In preparation for the CREATE phase of our project – the cross border development of social innovations for older people – our Research Fellow, Shuks Esmene, produced some guidance for partners around alternative methods of approaching idea generation and prioritisation. Below is an explanation of how the Q-Sort approach can be used and adapted in relation to HAIRE and its tools.
An adapted Q-Sort
The Q-Sort approach is part of a larger methodology (Q-Methodology1). Q-Sorts involve participants arranging a set of statements into a grid based on how much they agree and disagree with the statements. Therefore, the approach is more suited for situations where stakeholders can be presented with a set of statements. This approach may be useful for collating stakeholder opinions on what types of innovations would benefit the local area the most.
Note: If you wish to engage stakeholders in a more ‘open’ activity to generate ideas, a different spotlight method (to be released in the coming weeks) may be more appropriate.
i. The participants
Traditionally, individuals carry out Q-Sorts. However, for HAIRE, it may be more appropriate to arrange small groups (around 4 people in each group) to take part in and agree on a Q-Sort. For consistency, you may choose to group stakeholders with common characteristics or those that are working in a similar field to carry out Q-Sorts together.
ii. The statements
Q-Sorts are usually carried out using around 20 to 60 statements. Based on HAIRE’s timeframes and the highly likely remote delivery of the CREATE sessions, it may be best to lead a Q-Sort with around 15-20 statements!
The statements should be easy to understand and, where possible, structured similarly. We recommend using no more than two sentences per statement. See below the examples from our imaginary pilot site, HAIREbridge:
The statements chosen for a Q-Sort can be led by the findings of a pilot site’s draft Community Report (these were released at the end of April 2021). However, feasibility is important, e.g., if it is unlikely that you will be able to implement a transport-related innovation / change, we recommend that a transport-related statement is not included for your Q-Sort.
iii. The grid
The grid that is used to help participants sort the statements they are presented with is usually structured as shown below:
The grid shown above may be adapted to reflect the number of statements that are presented to the participants. However, the ‘bell-shaped’ structure (i.e., where there are fewer options at the extremes of the grid compared to the middle) is important. This structure enables participants to make a judgement call (usually through discussion) as to which statements they agree and disagree with the most.
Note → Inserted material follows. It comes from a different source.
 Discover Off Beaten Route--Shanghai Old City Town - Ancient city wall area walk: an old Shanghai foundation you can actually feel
Generally, statements grouped in the categories ranging from -4 to -2 in the example show above are classed as ‘disagree’. The statements placed under -1, 0 and 1 are classed as neutral, and the statements placed under 2, 3 and 4 are classed as ‘agree’. Once more, this is not a strict rule. You may wish to adapt the numbering in your grid to make the Q-Sort easier to conduct with the specific stakeholders you wish to engage.
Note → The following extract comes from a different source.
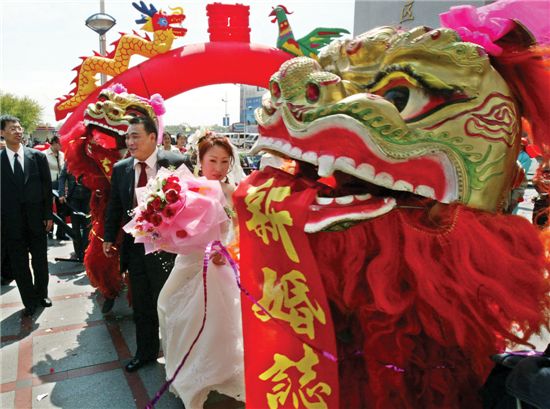 하루 평균 5,000쌍에 달하는 중국의 이혼율은 경제성장 만큼이나 빠른 속도로 증가하고 있다. 중국 단둥 압록강변에서 결혼식 올리는 신랑, 신부.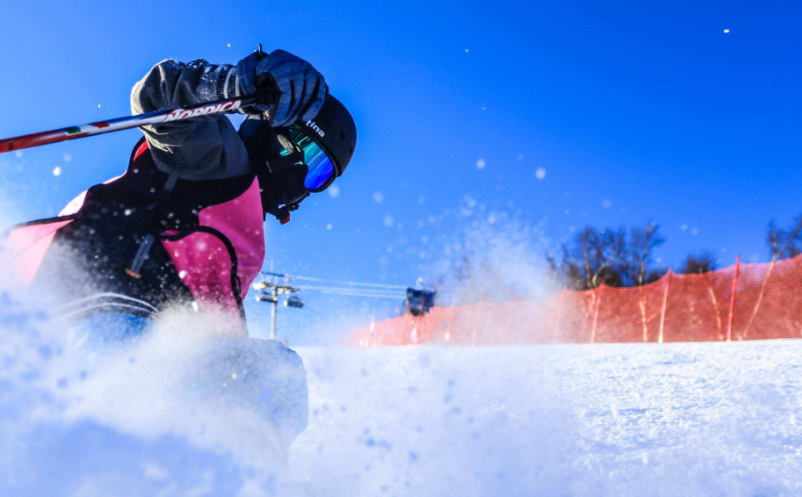 全國(guó)政協(xié)委員楊安娣：乘冬奧之東風(fēng)，開(kāi)啟全面建設(shè)冰雪強(qiáng)國(guó)新征程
Note: The section at the bottom right of the image included above, listing the ‘Agree’, ‘Neutral’ and ‘Disagree’ classifications, is used to collate the statement numbers that were assigned to the respective classifications. Remember to label / number the statements you present to participants clearly!
iv. Remote delivery
A remote delivery adaptation of a Q-sort can be relatively easy to implement. A facilitator can run a Q-sort with a small group (up to 4 participants) in a break-out session. A Q-sort grid can be shared on screen and statements (referred to by their numbers) can be collectively assigned to the appropriate places on the grid through discussion. The facilitator can write the relevant statement numbers into the relevant squares of the grid as the participants agree on their position. In such a circumstance, the statements can be sent to participants prior to the session.
1 Further Notes
The Q-Sort approach is part of a larger method known as Q-Methodology. The full method involves collating all scoring grids compiled by all participants. A statistical analysis of the results is then conducted to generate a ‘best-fit’ grid for groups of participants that share certain characteristics. Further, the full method dictates that individual participants produce their own scoring grids.
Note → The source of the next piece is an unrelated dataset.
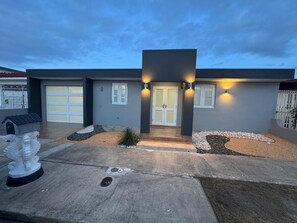 Exterior detail - Sands and Falls House/ 7 min from Airport, Beaches & Malls (Carolina)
Given the purpose and timeframes of HAIRE, using only the Q-Sort component of the method can help facilitate group discussions and still generate an understanding of what types of innovations would be most valued in a pilot site. Overall, we hope to build CREATE approaches that are best suited to each pilot site. Each pilot site may choose to use a combination of different participatory tasks in their CREATE activities.